▸ Goal of the exercise
Reproduce the data in full, exactly as given, leaving images out.

▸ Data extract
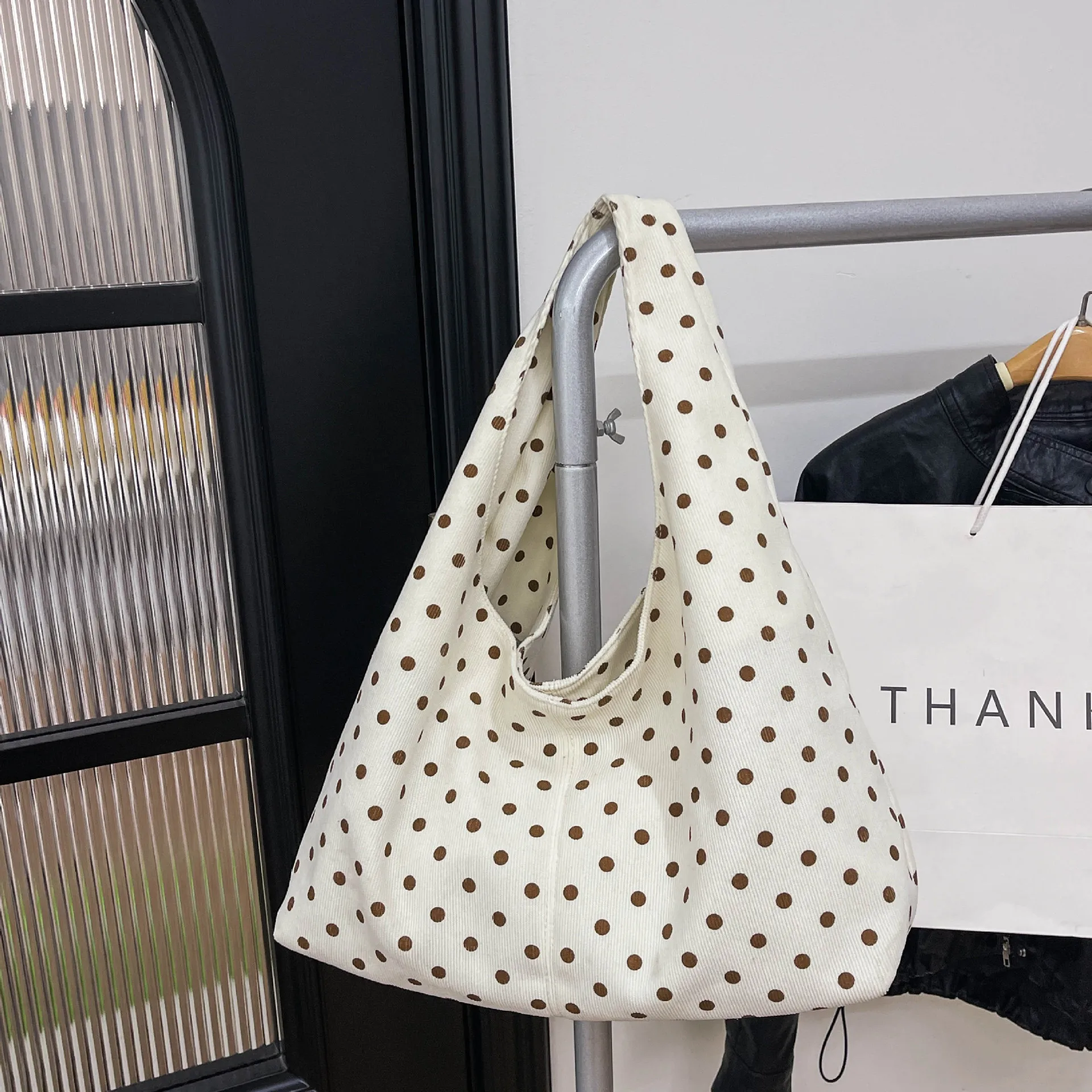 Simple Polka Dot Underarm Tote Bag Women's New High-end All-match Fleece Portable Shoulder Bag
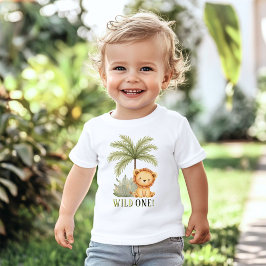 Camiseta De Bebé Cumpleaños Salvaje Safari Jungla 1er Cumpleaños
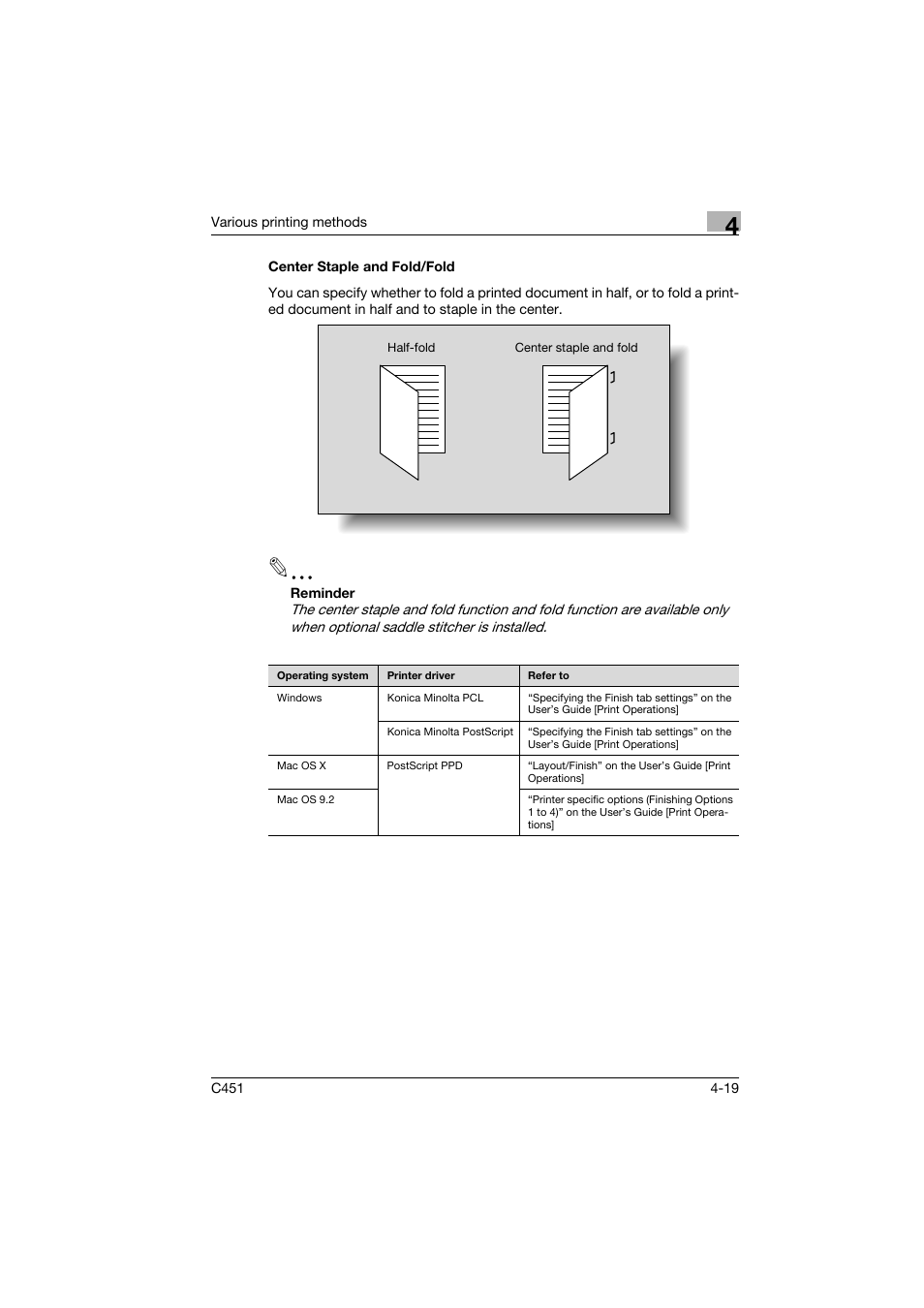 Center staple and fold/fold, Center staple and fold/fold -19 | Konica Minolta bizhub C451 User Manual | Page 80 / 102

▸ Written solution
 Simple Polka Dot Underarm Tote Bag Women's New High-end All-match Fleece Portable Shoulder Bag
 Camiseta De Bebé Cumpleaños Salvaje Safari Jungla 1er Cumpleaños
 Center staple and fold/fold, Center staple and fold/fold -19 | Konica Minolta bizhub C451 User Manual | Page 80 / 102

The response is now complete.